Object Storage¶
OpenECPDS stores data as objects, combining data, metadata, and a globally unique identifier. It employs a file-system-based solution with replication across multiple locations to ensure continuous data availability. For example, data can be replicated across local storage systems and cloud platforms to bring data closer to users and enhance performance.
Hierarchy-free with emulated structure¶
The object storage system in OpenECPDS is hierarchy-free but can emulate directory structures when necessary, based on metadata provided by data providers. OpenECPDS presents different views of the same data, depending on user preferences.

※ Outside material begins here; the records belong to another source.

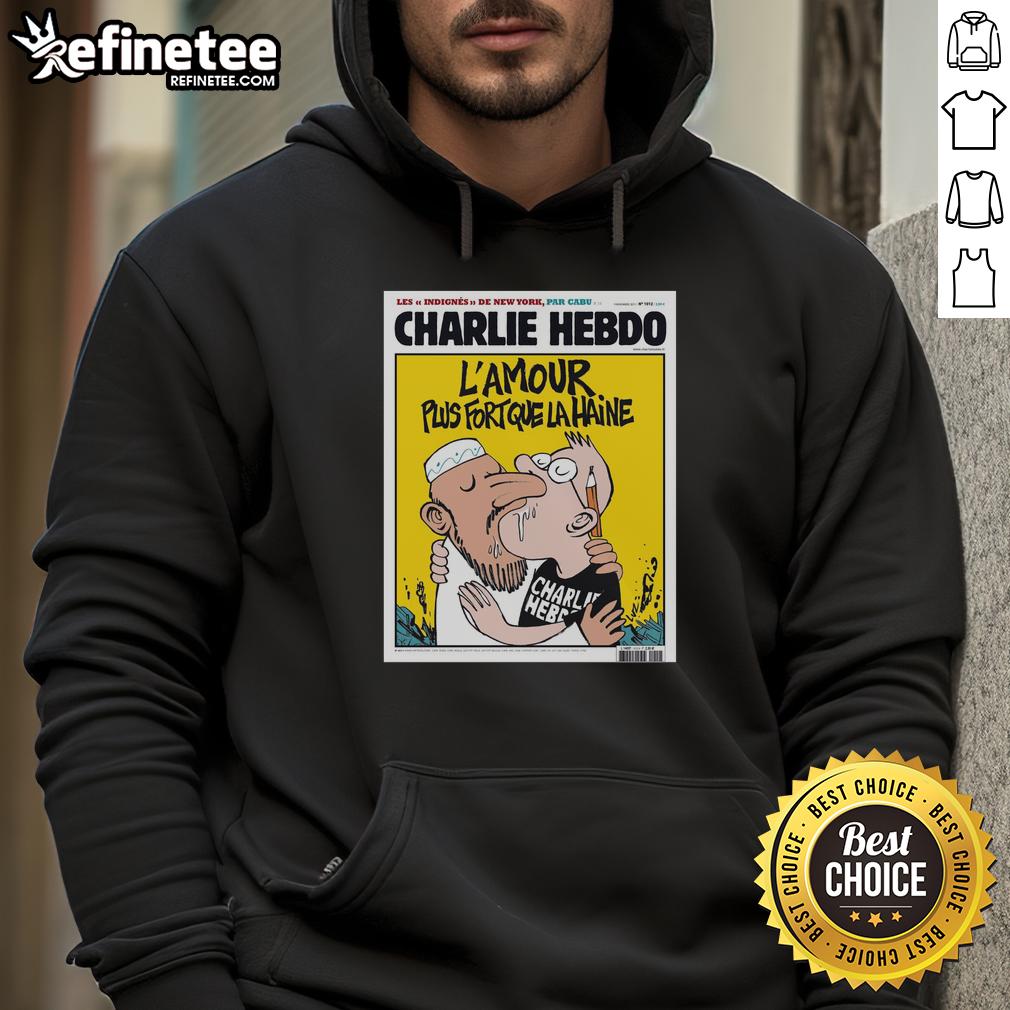 Two men kissing while wearing the 'Charlie Hebdo L'Amour Plus Fort Que La Haine' hoodie, symbolizing love and unity.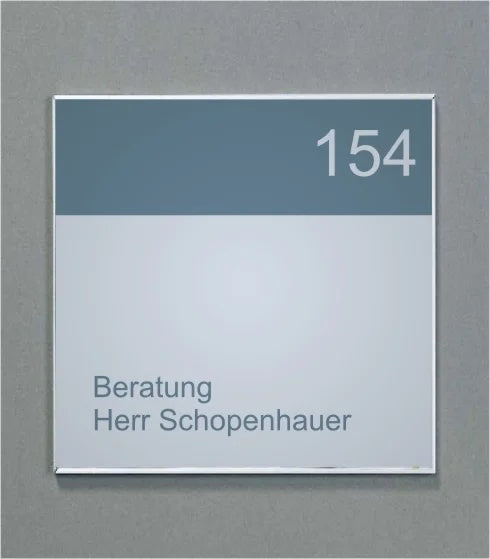 Wandschild System Karlsruhe: Ein quadratisches Schild mit einem silbernen Rahmen. Der obere Bereich ist dunkelgrau mit der weißen Zahl „154“. Der untere Bereich ist hellgrau mit dem grauen Text „Beratung Herr Schopenhauer“. Das Schild ist an einer grauen Wand befestigt, in Wiesbaden bei City Medien Einkaufswelt für Partner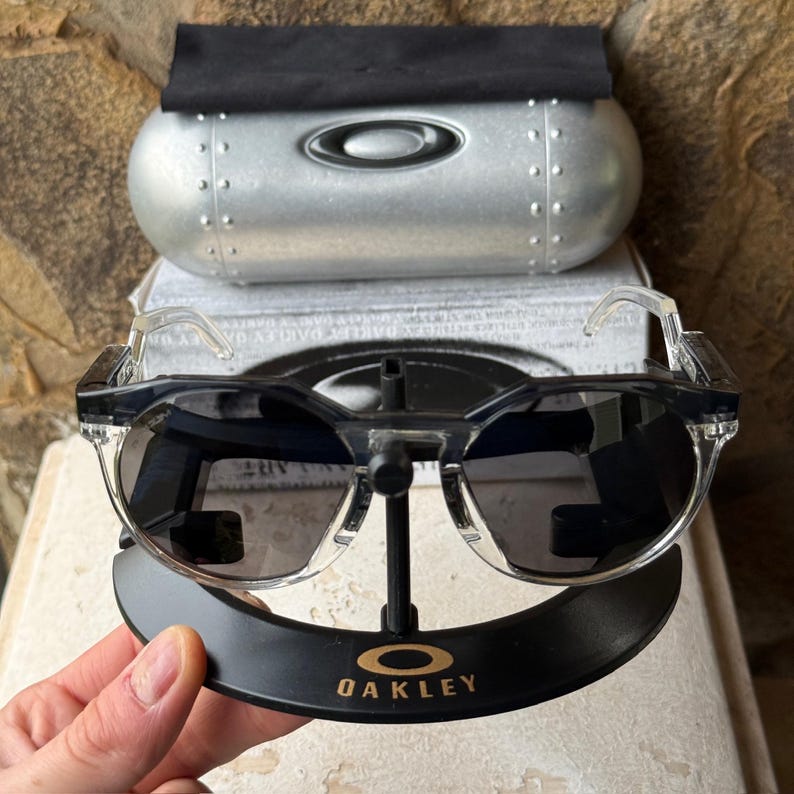May include: Clear-framed sunglasses with dark lenses are displayed on a black stand with the Oakley logo. A silver case and black cloth are behind the sunglasses. The sunglasses have a modern, sporty design.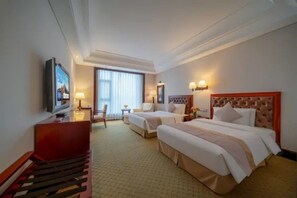 Ein Hotelzimmer mit zwei Betten, einem Schreibtisch, einem Sessel, einem Fernseher und einem Fenster mit Vorhängen.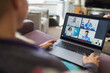 © Paul Bradbury/Caia Image - Woman with laptop video chatting with doctors from sofa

When the Data Portal is used to pull data, a destination with no dissemination hosts can be seen as:
- A bucket (in Amazon S3 terms), or
- A blob container (in Microsoft Azure terms).
See OpenECPDS Entities for how destinations relate to this model.
Cloud object storage backends¶
OpenECPDS supports major cloud object storage platforms both for outgoing transfers (dissemination/acquisition) and as storage backends:
| Backend | Module |
|---|---|
| Amazon S3 | Amazon S3 Transfer Module |
| Google Cloud Storage | Google Cloud Storage Transfer Module |
| Azure Blob Storage | Azure Blob Storage Transfer Module |
Data integrity & lifecycle¶
- Data Checksumming — MD5 for data integrity checks on remote sites, and ADLER32 for data integrity checks in the Data Store.
- Data Compression — supports lzma, zip, gzip, bzip2, lbzip2, lz4 and snappy.
- Garbage Collection — automatically removes expired data, with no limit on expiry dates.
- Data Backup — can be configured to map data sets in OpenECPDS to existing archiving systems.
See Additional Features for more on these capabilities.